Studying syllables in South African Sign LanguageDate Released: Tue, 17 May 2016 22:56 +0200
On 10 May 2016, Rhodes Linguistics kicked off a series of academic seminars in honour of Disability Week with a look at syllables in the phonology of South African Sign Language (SASL), presented by Master’s student Mikhaela Köhlo. If you’re wondering how sign languages can have phonology, the answer is that sign language phonology refers to the rules that govern how different handshapes, locations on the body, movements, hand orientations and facial expressions are combined in signs. Each sign is made up of movements between different locations or holds, and each of these movements and the holds on either side of it forms a syllable. Ms Köhlo’s research identifies constraints that govern what handshapes and locations can occur at the ends, or codas, of these syllables.

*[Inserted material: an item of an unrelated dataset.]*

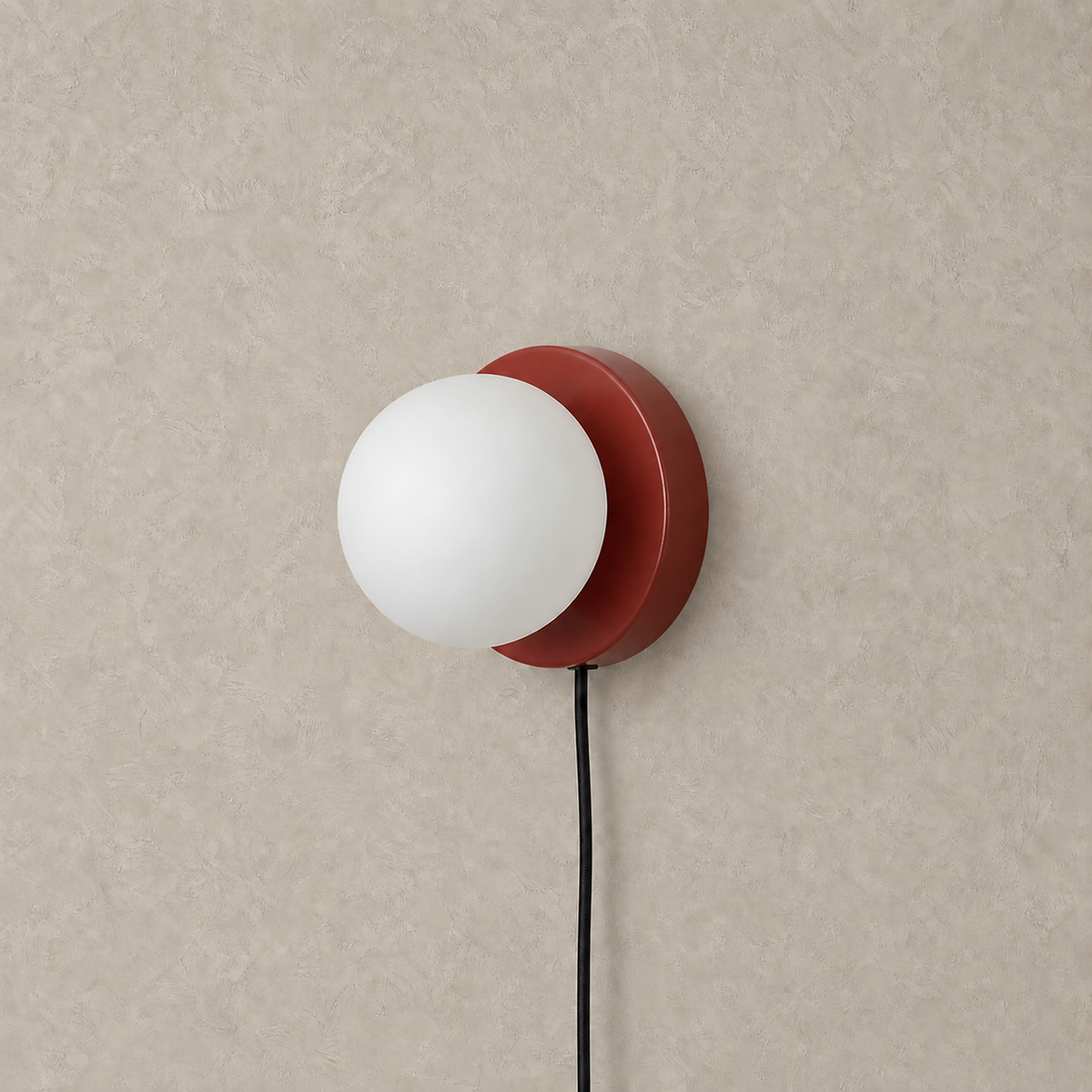 Memilora red wall lamp unlit, white globe on its round red colored disc #color_red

Coda constraints are common in spoken languages: German, for example, only allows certain sounds to occur in coda position in syllables. However, Ms Köhlo’s study is the first to describe coda constraints in SASL. Most formal sign language research has come from the sign languages of Western countries, such as American Sign Language. SASL, by contrast, has only been described or studied by a few formal linguists. By examining syllables in a sign language, Ms Köhlo’s research contributes to knowledge about syllables in general. She has also set up the study in such a way that in future, it can be replicated to look at other sign languages and compare them with SASL, strengthening our understanding of sign languages in general.

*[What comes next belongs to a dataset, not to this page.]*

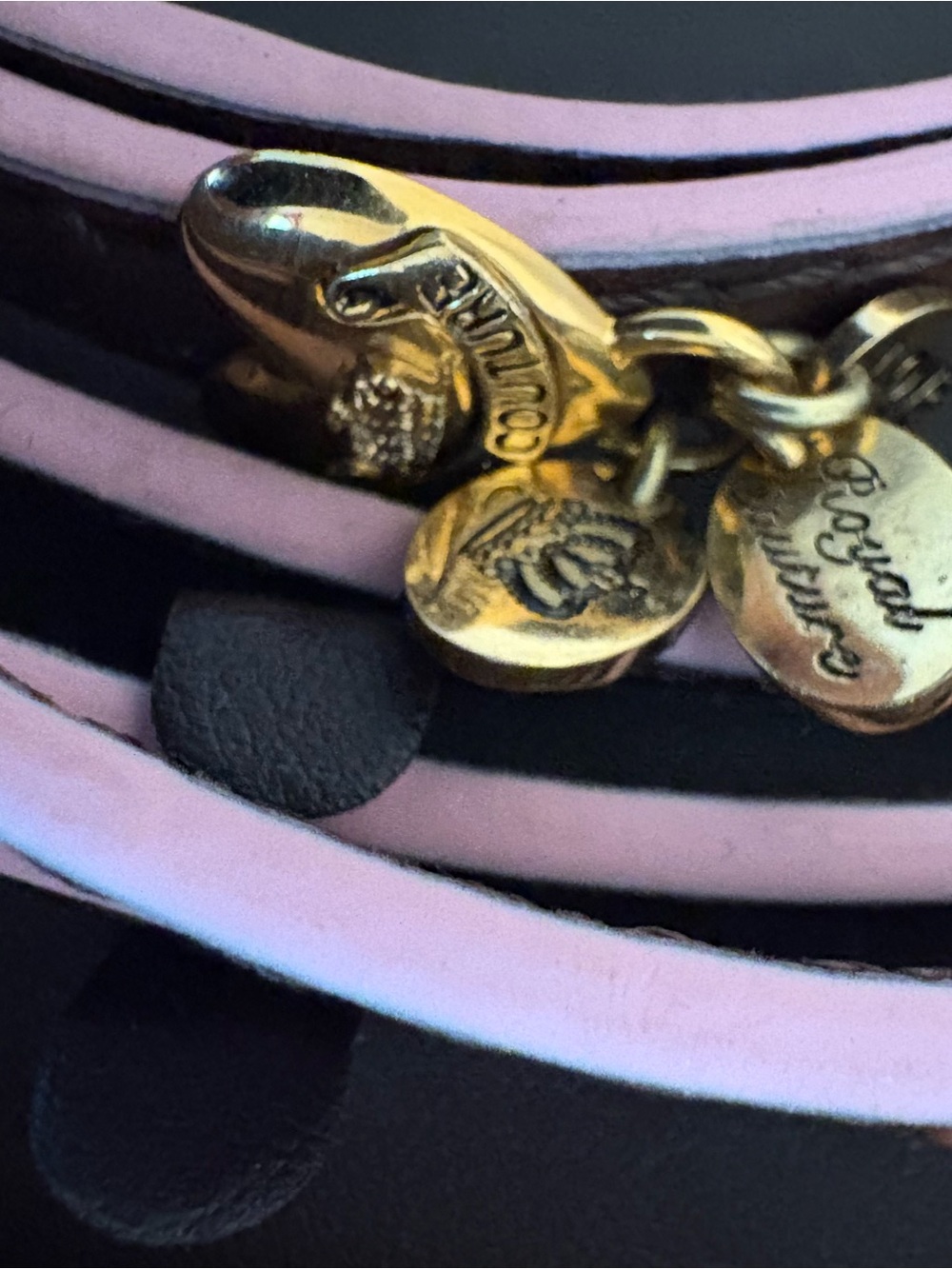 Juicy Couture Pink Black Dog Collar & Leash Set Gold Hardware w/ Box - Picture 5 of 7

It is well-known that syllables in spoken languages need to have a vowel at their centre, or nucleus. The sign language linguists Sandler and Lillo-Martin show that in the same way, sign language syllables need to include a movement: even seemingly stationary signs such as the sign for WHO in SASL, which occurs at the chin, will have finger wiggling as some form of movement. Just as movements in sign languages are similar to vowels in spoken languages, so holds or locations are similar to consonants. However, because signs are visual, they are unlike sounds in spoken language in that while sounds are strung together in a sequence to make words, in sign languages handshapes and locations occur simultaneously. This means that handshapes and locations are two types of feature to which coda constraints can apply.

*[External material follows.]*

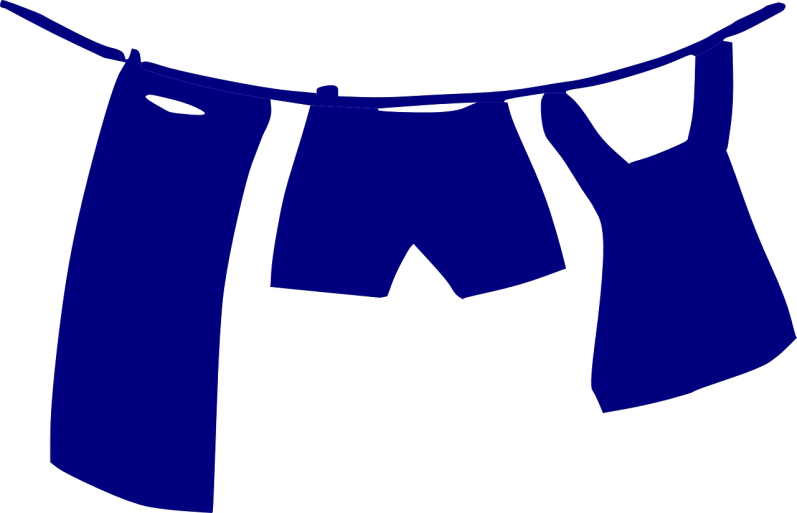 a pair of blue pants hanging from a clothes line, a screenshot, inspired by Masamitsu Ōta, sōsaku hanga, (high contrast), done in the style of matisse, banner, paint tool sai!! blue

Ms Köhlo analysed signs from a video dictionary including 175 basic SASL words. From this dictionary, she created a database showing what locations and codas occurred at the beginnings (onsets) and ends (codas) of syllables. She did this using a model for describing signs called the Prosodic Model, developed by a sign language linguist named Brentari. She used her database to identify patterns in the onsets and codas of syllables, and then examined these patterns to find out what possible rules might exist to dictate what features could appear at the syllable codas. Since she, as a hearing researcher, is not a first-language signer, she asked two first-language signers of SASL to check her conclusions.
The findings of Ms Köhlo’s research suggest that certain combinations of features at syllable onsets and codas may be prohibited. There seems to be a preference for signs to have the same location and handshape features in the onset and coda of the same syllable. Where the handshape at the coda is different to the onset, the handshape at the coda will be a member of a small class of what are known as unmarked handshapes. These are the same set of simple handshapes that are used by the non-dominant hand in two-handed signs. Where the hand’s location in the syllable coda differs from the location in the onset, there is a preference for the coda to be closer to the centre of the signer's body. This could happen because the centre of the body is less marked, or because it is easier to see locations that are closer to the centre of the signer’s body. The existence of these rules shows that that SASL has a rich phonological structure which needs to be researched in much more detail.